- Basilica of the Most Holy Redeemer
- 10°48′37″N 78°41′53″E﻿ / ﻿10.8103°N 78.6980°E
- Location: Tiruchirappalli, Tamil Nadu
- Country: India
- Denomination: Roman Catholic
- Website: http://holyredeemersbasilica.org

History
- Status: Minor Basilica
- Founded: 9 February 1880
- Consecrated: 29 June 1881

Architecture
- Functional status: active
- Designated: 12 October 2006

Administration
- Diocese: Tiruchirappalli

Clergy
- Bishop: MOST REV.DR.S.AROKIARAJ
- Rector: REV.FR.T.ALBERT
- Priest: REV.FR.A.SAGAYARAJ (Administrator)

= Basilica of the Holy Redeemer, Tiruchirappalli =

The Basilica of the Holy Redeemer and Our Lady of Perpetual Help, Tiruchirappalli is one of ten Roman Catholic minor basilicas in the southern state of Tamil Nadu, India.

==History==
The origins of the basilica can be traced to the early decades of the 17th century, when Jesuit missionaries began spreading Christianity through the Madurai Mission. The first conversions occurred in the area known as Tiruchirappalli, also called "Trichy", in 1616. The missionaries eventually got support from the Hindu Naicker rulers of Madurai. The many Jesuit missionaries who worked in the Madurai Mission included Robert de Nobili and Constanzo Beschi.

While Trichy was still a mission station of the Madurai Mission, several Christian communities were established in Palakkarai, Dharmanathapuram, and Varaganeri. Even before the construction of the Holy Redeemer Church, there were some 7500 Christians in the area. They worshiped at the St. Mary's Cathedral, Trichy, rather than at Our Lady of Sorrows because the latter was under the administration of the Portuguese Padroado.

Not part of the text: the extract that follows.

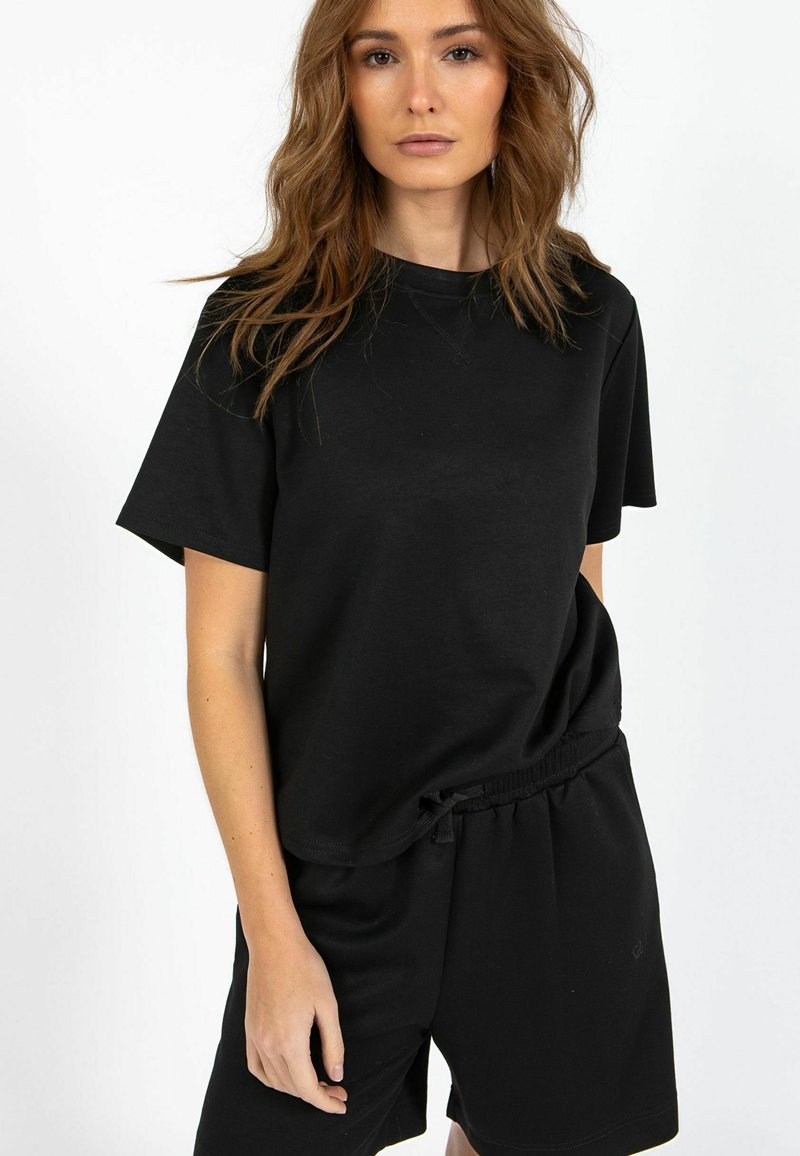 Woman with wavy brown hair wearing a plain black short-sleeve shirt and black shorts against a white background.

Realizing the need for the Christians of Palakkarai to have a church of their own, Bishop Alexis Canoz, S.J. laid the foundation for a new church on 9 February 1880. The church of the Most Holy Redeemer was consecrated on 29 June 1881 by the Vicar Apostolic of Pondicherry, Msgr. François-Jean-Marie Laouënan, M.E.P.

The land for the construction of the church was a gift from the local ruler, Diwan Kanjamalai Mudaliar.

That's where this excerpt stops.